Is there a closed form for the sum $\sum_{k=2}^N {N \choose k} \frac{k-1}{k}$?

Question

I am interested in finding a closed form for the sum $\sum_{k=2}^N {N \choose k} \frac{k-1}{k}$. Does anyone know if there is some Binomial identity that might be helpful here?

Thank you.

Answer 1

The Maple command $$ sum(binomial(N, k)*(k-1)/k, k = 2 .. N) $$ outputs $$ 1/4\,{\mbox{$_3$F$_2$}(2,2,-N+2;\,3,3;\,-1)}N \left( N-1 \right) $$ in terms of the hypergeometric function.

Answer 2

You might consider expanding $$(1+x)^N - \int \frac{(1+x)^N}{x} dx$$ and then letting $x=1$. This will need some slight adjustment as it has a few extra terms compared with your sum.

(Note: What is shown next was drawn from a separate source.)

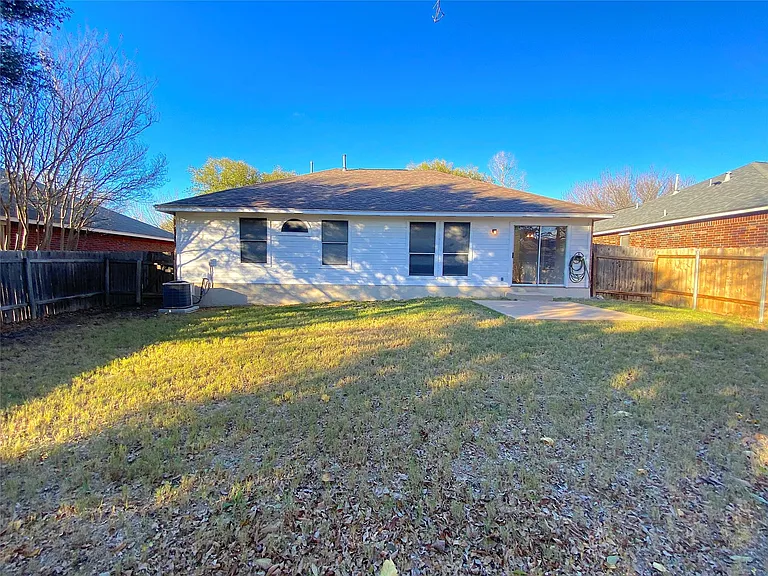 3015 Hill St — Photo 26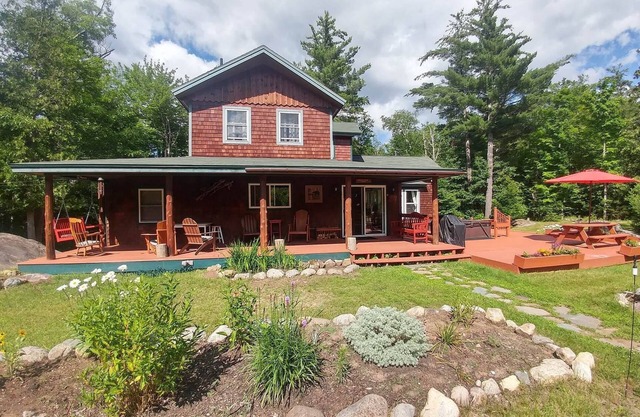 Secluded Lodge near Whiteface Mountain & Adirondack Wildlife Refuge with Hot Tub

The problem is the integral as it involves a hypergeometric function.

Answer 3

In Mathematica Sum[Binomial[n, k] (k - 1)/k, {k, 2, n}] returns:

-1 + 2^n - n HypergeometricPFQ[{1, 1, 1 - n}, {2, 2}, -1]

In traditional form: $-1 + 2^n - n * {}_{3}F_2(1, 1, 1 - n; 2, 2; -1)$